Stored items from a collection:
——————————

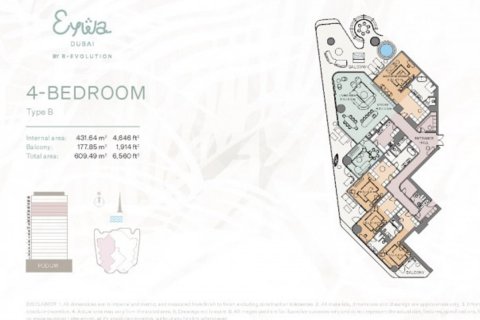 Penthouse à Dubai, 5 chambres, 1467.9 m², № 47979 - photo 2
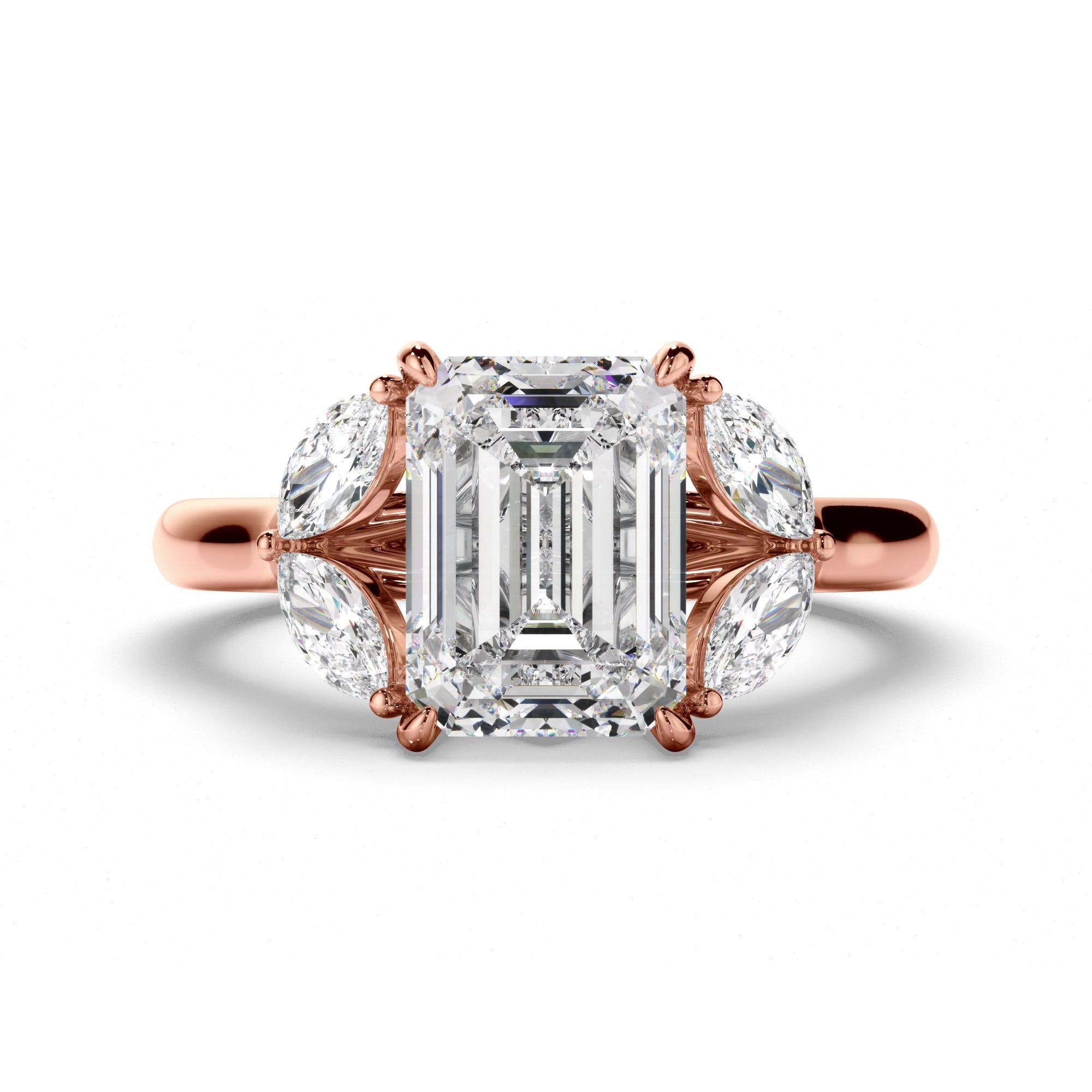 Emerald Cut Diamond Engagement Ring with Marquise Sides
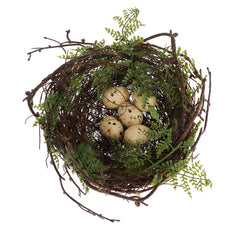 Nido de aves artificial YARNOW con 5 huevos, decoración realista para interiores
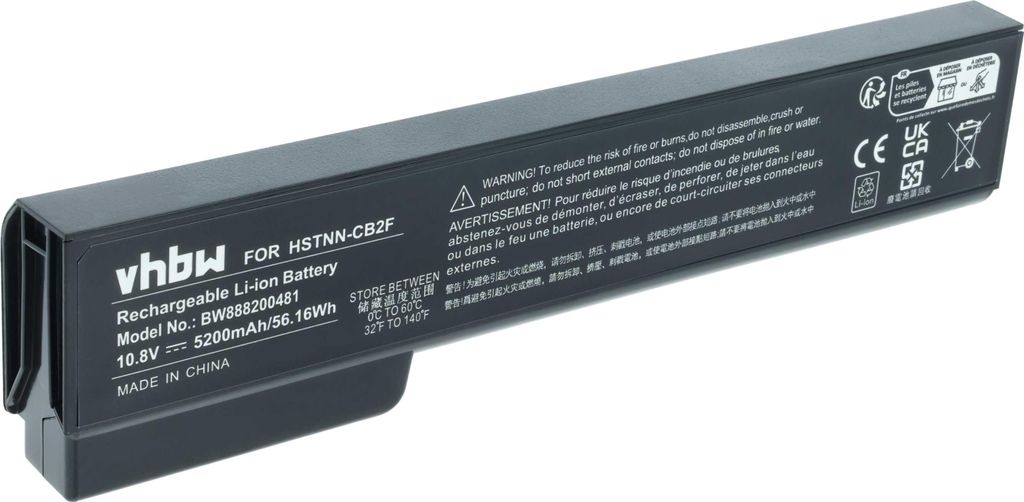 vhbw Akku kompatibel mit HP ProBook 6570b, 6360b, 6470b, 6475b, 6460b, 6465b, 6560b, 6565b Notebook (5200 mAh, 10,8 V, Li-Ion)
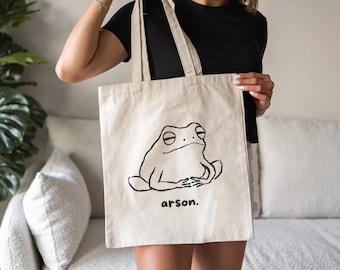 Arson, Frog Tote Bag, Unhinged, Weirdcore, Cursed, Oddly Specific, Weird, Frog Meme, Funny Frog, Stupid Gift, Silly Frog, Minimalist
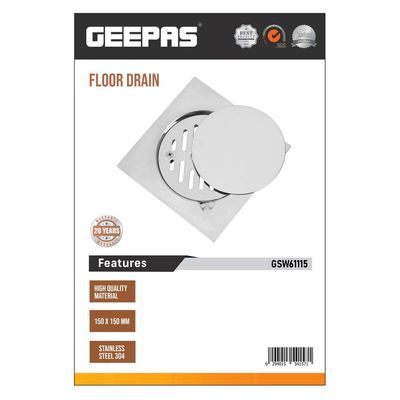 Geepas Round Floor Drain- GSW61115| High-Quality Stainless Steel Drain with Lid| Waste Water Drain for Bathroom, Kitchen| 150X150 MM| 20 Years Warranty| Silver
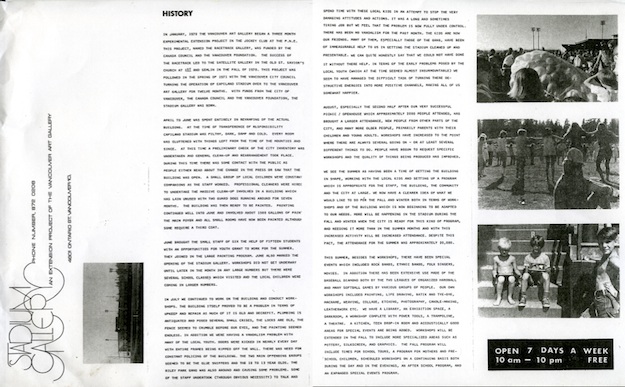 Vancouver Art Gallery Extension Program, Stadium Gallery Brochure, 1971, Courtesy of the Vancouver Art Gallery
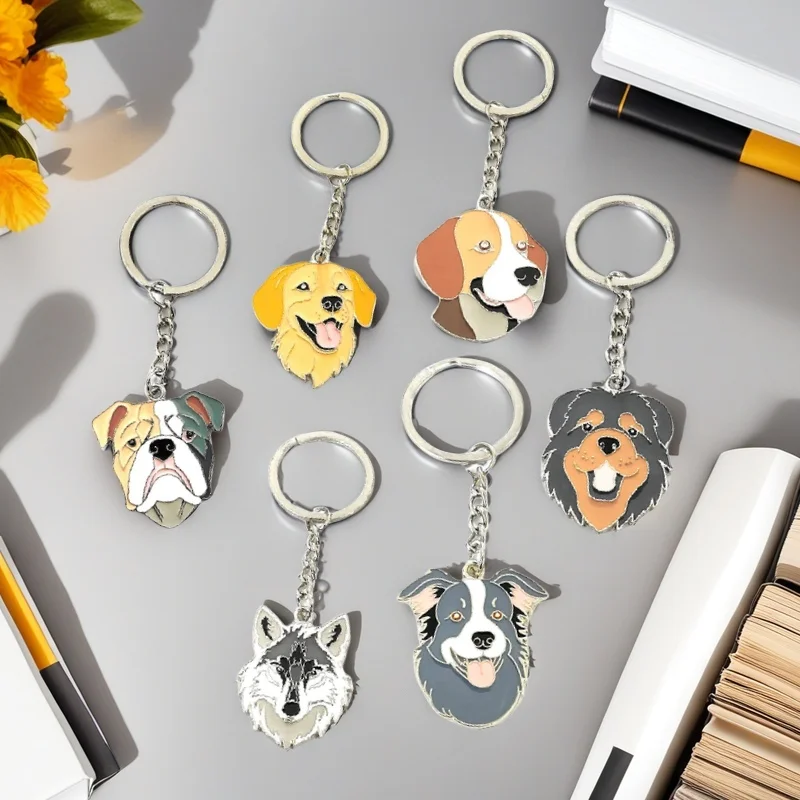 Lindo llavero de perro de Metal Bulldog Francés Golden Retriever Labrador Retriever llavero para mujeres mascota colgante mochila decoración regalo
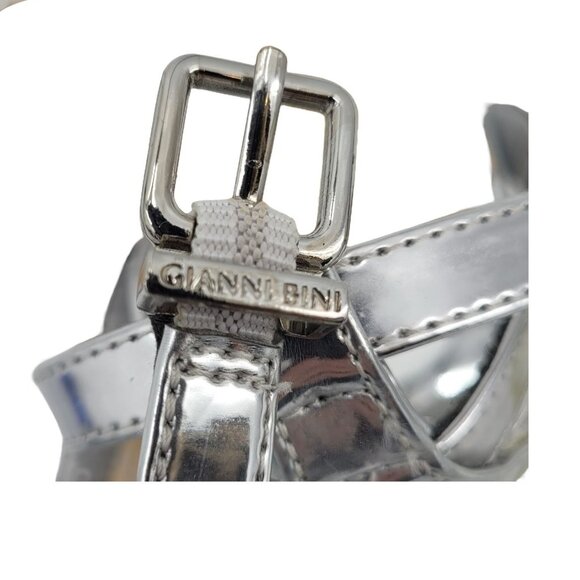 Gianni Bini Metallic Silver Color Ankle Strap Stiletto Heel Size 7 - Picture 10 of 11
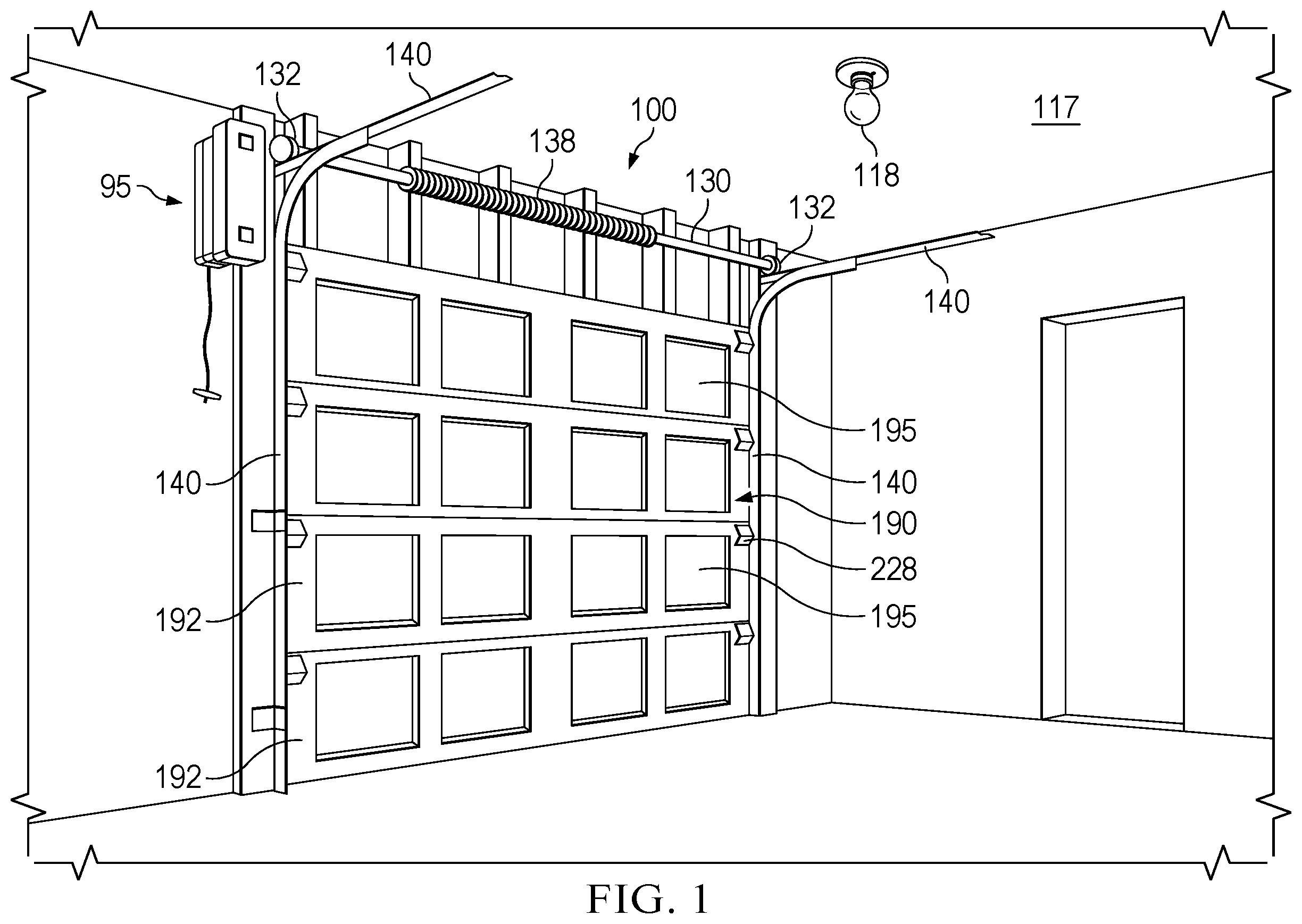 Patent US12345082 Figure 1 – Universal roller bracket for a movable barrier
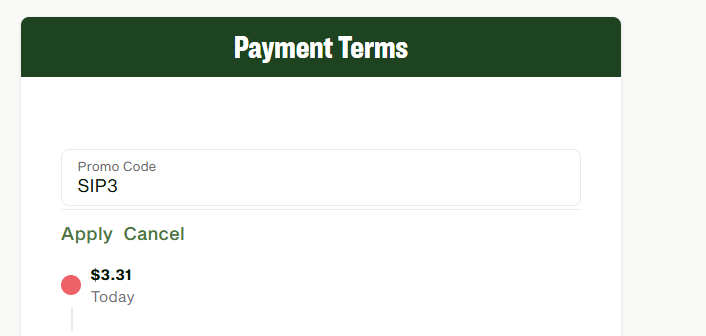 Panera code applied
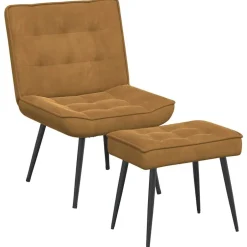 Sale vidaXL Vilstol med fotpall sammet Brun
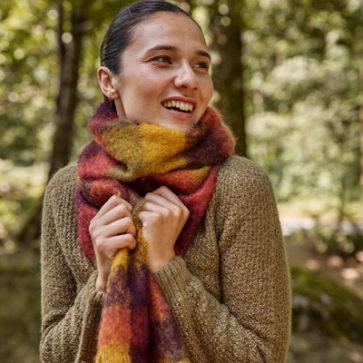 Grande écharpe laine mohair écossaise pour femme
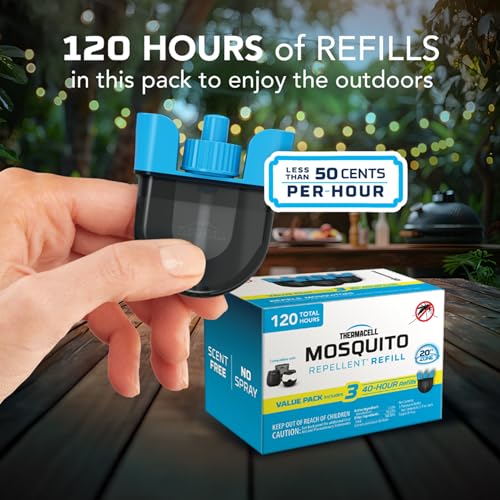 thermacell rechargeable mosquito repeller refills advanced repellent formula provides 20 foot protection zone compatible with thermacell e-series amp radius only no deet spray or flame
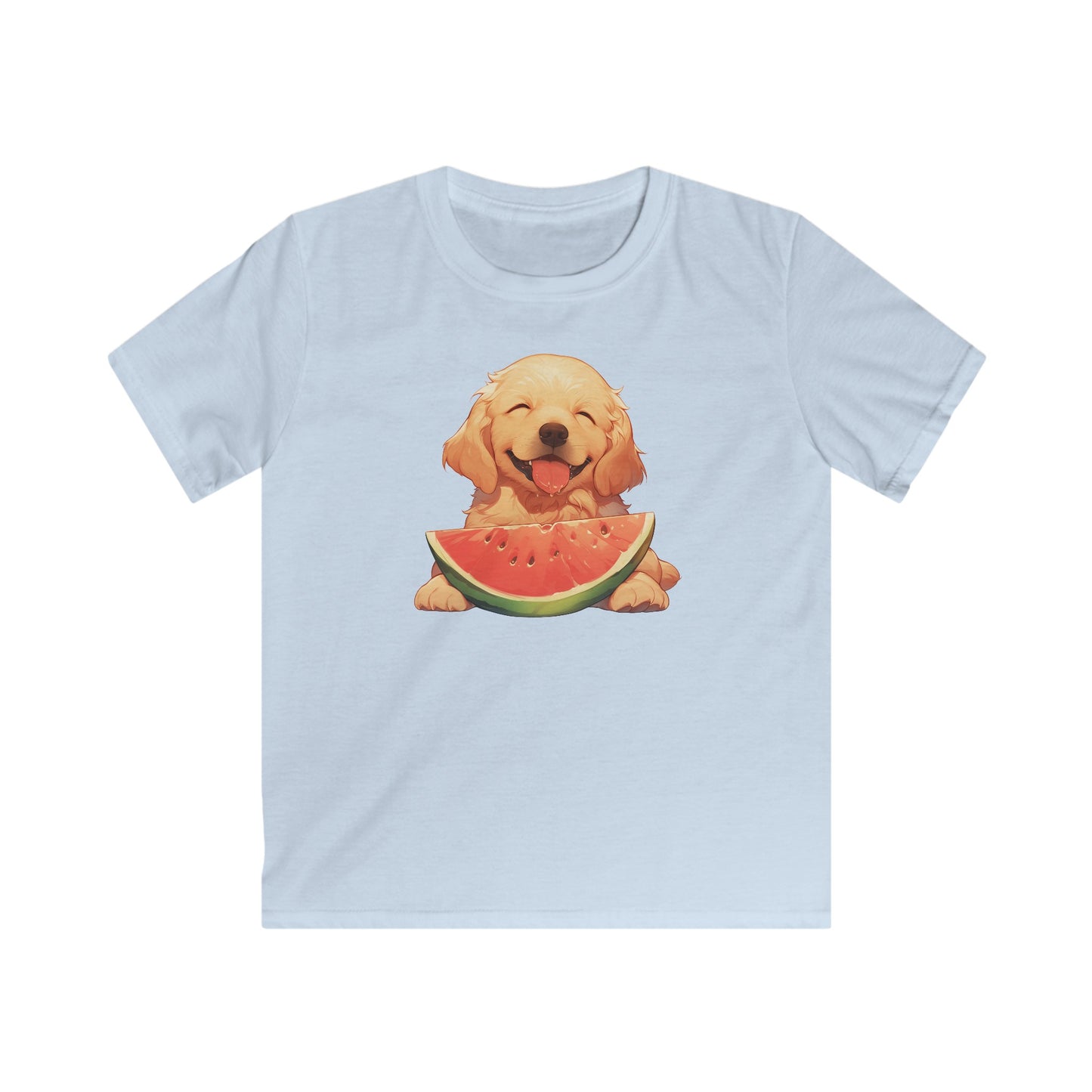 Golden Retriever mit Melone Kinder T-Shirt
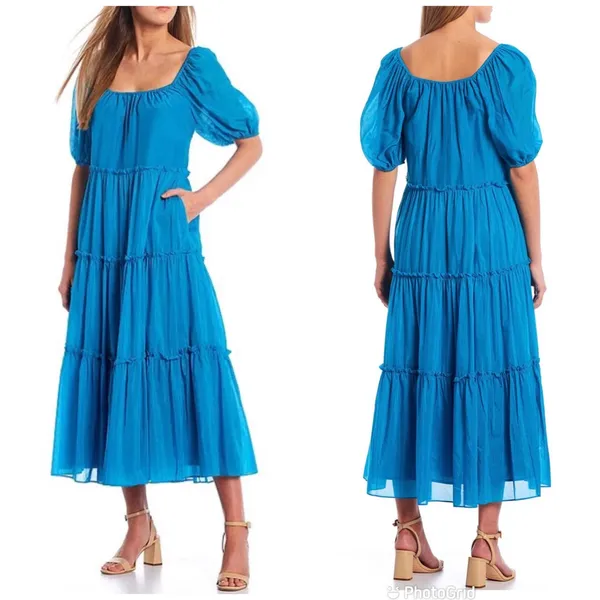 ANTONIO MELANI Puff Sleeve Midi Dress Small Turquoise‎ Blue Tiered Silk Cotton - Image 2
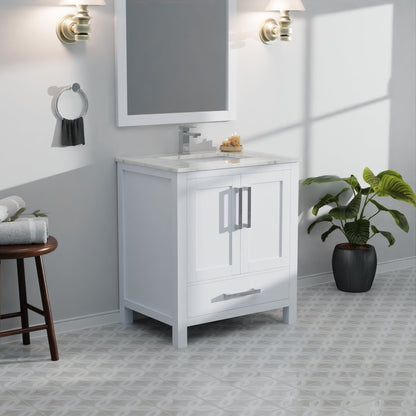 Lexora Jacques 30" White Bathroom Vanity | Modern Solid Wood Cabinet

——————————

- Directions for this task: Each line from the one that holds "Panera code applied" through the final line of the data must be retyped exactly; the pictures must not appear.

- Reply:
 Panera code applied
 Sale vidaXL Vilstol med fotpall sammet Brun
 Grande écharpe laine mohair écossaise pour femme
 thermacell rechargeable mosquito repeller refills advanced repellent formula provides 20 foot protection zone compatible with thermacell e-series amp radius only no deet spray or flame
 Golden Retriever mit Melone Kinder T-Shirt
 ANTONIO MELANI Puff Sleeve Midi Dress Small Turquoise‎ Blue Tiered Silk Cotton - Image 2
 Lexora Jacques 30" White Bathroom Vanity | Modern Solid Wood Cabinet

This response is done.